▶ [TASK REQUIREMENTS]: When you find the line with "Schiesser Damen Bustier schwarz 181101-000" among the records below, reproduce it and each line after it exactly, ending with the line with "پوتین نیم بوت چرم سایز۴۲".

▶ [THE RECORDS]:
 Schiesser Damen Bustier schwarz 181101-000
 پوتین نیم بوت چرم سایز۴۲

==

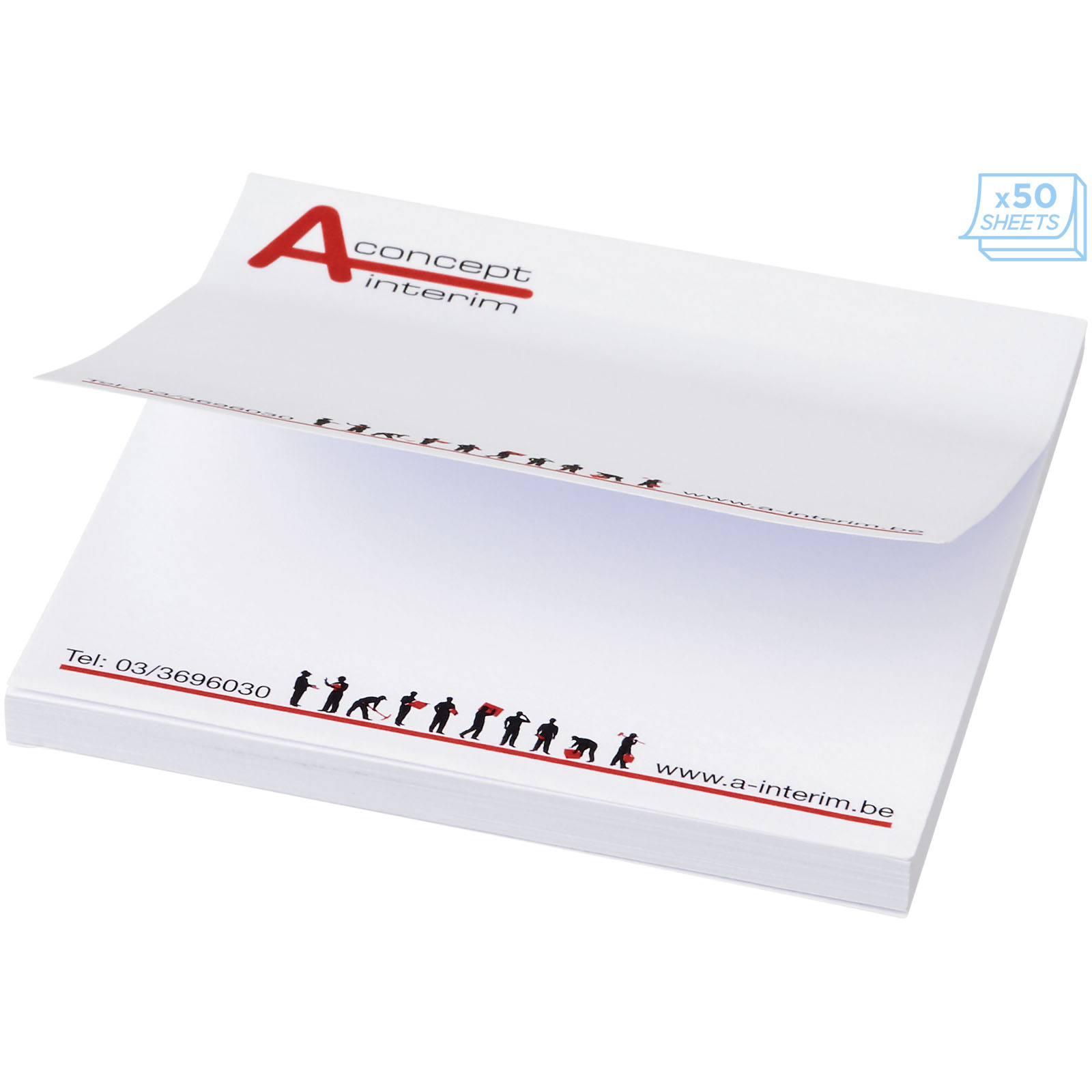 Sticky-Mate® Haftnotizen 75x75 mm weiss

* * *

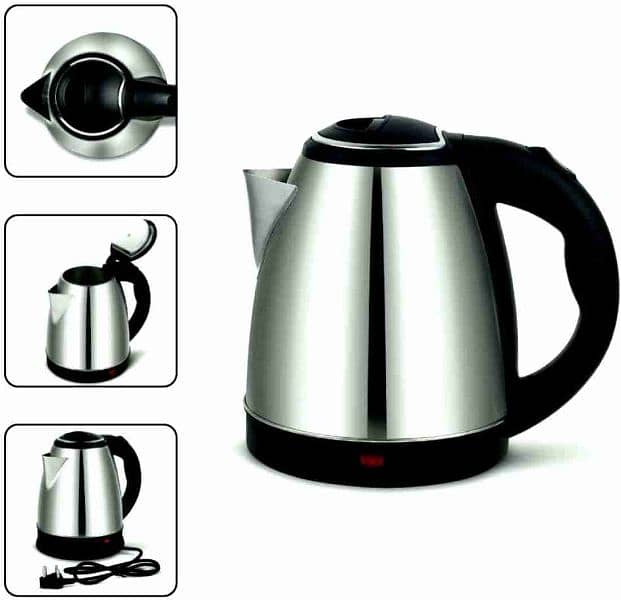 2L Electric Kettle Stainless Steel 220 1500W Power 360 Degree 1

▶ [WRITTEN RESPONSE]:
 Schiesser Damen Bustier schwarz 181101-000
 پوتین نیم بوت چرم سایز۴۲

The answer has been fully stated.